وَلَهُنَّ مِثْلُ الَّذِي عَلَيْهِنَّ بِالْمَعْرُوفِ

“Dan para wanita mempunyai hak yang seimbang dengan kewajibannya menurut cara yang ma’ruf.” (QS. Al-Baqarah [2]:228)

Islam memerintahkan kepada pasangan suami-istri untuk bergaul dengan makruf atau patut, saling menghargai yang satu dengan lainnya, berkata-kata baik, bersabar ketika menghadapi sikap pasangan yang kurang disukai, dan benar-benar paham hak dan kewajiban masing-masing.

Di antara kewajiban yang wajib dilakukan oleh istri adalah melayani suami dan mengurus rumah. Itu pun hanya jika sesuai dengan kemampuannya. Jika pekerjaan sangat banyak maka suami wajib menyediakan pembantu, untuk membantu menyelesaikan pekerjaan-pekerjaan itu. Istri berhak untuk meminta hal itu kepada suami. Jikapun tidak bisa menyediakan pembantu, maka suami dengan senang hati dan penuh rasa cinta membantu istri mengurus rumah dan pekerjaan lainnya.

Begitu pula dengan istri ketika mendapati suami kurang dalam pemenuhan nafkah. Maka istri diperbolehkan membantu suami dalam mencari nafkah. Tapi bukan berarti mengambil alih kewajiban atau dibebankan dalam menafkahi keluarga. Itu pun jika ia punya harta, atau dengan bekerja yang tidak mengabaikan kewajibannya dan kehormatannya.

Ketika konsep mu’asyarah bil ma’ruf benar-benar dipahami dan dijalankan sebagaimana mestinya, dalam konteks persahabatan, maka keduanya akan mengarungi kehidupan dengan penuh cinta, dan masing-masing rida tanpa ada tekanan atau paksaan dari pihak mana pun. Karena mereka berdua sadar sepenuhnya bahwa hal itu merupakan perintah Allah SWT.

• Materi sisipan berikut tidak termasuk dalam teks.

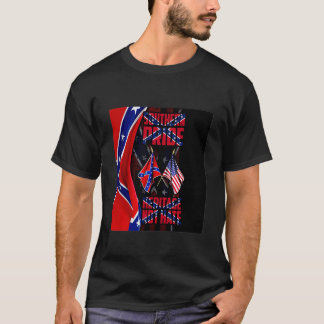 Camiseta Orgullo del Sur Patrimonio de la Bandera Estadouni
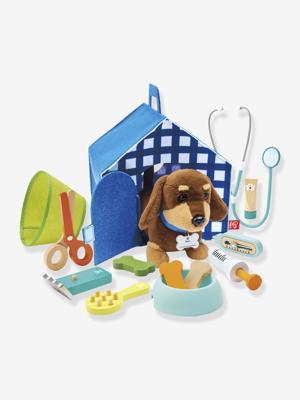 HAPE kleine dierenarts set wit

Selanjutnya, wajib menjadikan Rasulullah saw. teladan terbaik dalam bergaul dengan makruf kepada keluarganya. Beliau saw. pernah ditanya, “Apakah hak seorang wanita atas suaminya?” Rasulullah menjawab, “Engkau memberinya makan jika engkau makan dan engkau memberi pakaian jika engkau berpakaian. Janganlah memukulnya pada wajah, jangan mencaci maki, dan jangan menjauhinya, melainkan dalam rumah. (HR. Ahmad, Abu Daud, dan Ibnu Majah)

Dan dalam hadis yang lain, Rasulullah saw. bersabda:

«خَيْرُكُمْ خَيْرُكُمْ لِأَهْلِهِ، وَأَنَا خَيْرُكُمْ لِأَهْلِي»

“Sebaik-baik kalian adalah yang paling baik perlakuan kalian kepada istrinya, sedangkan aku adalah orang yang paling baik kepada istriku di antara kalian. (HR. Al-Hakim dan Ibnu Hibban)

Hanya dengan bimbingan syariat Islam sajalah yang akan menghasilkan mu’asyarah bil ma’ruf (pergaulan yang patut) dalam berkeluarga. Dimana suami memiliki sifat kasih dan sayang kepada istri, demikian juga istri memiliki sifat hormat dan rahmat kepada suami. Maka ketika punya masalah, keduanya akan bersikap bijaksana dan saling memuliakan dalam penyelesaiannya.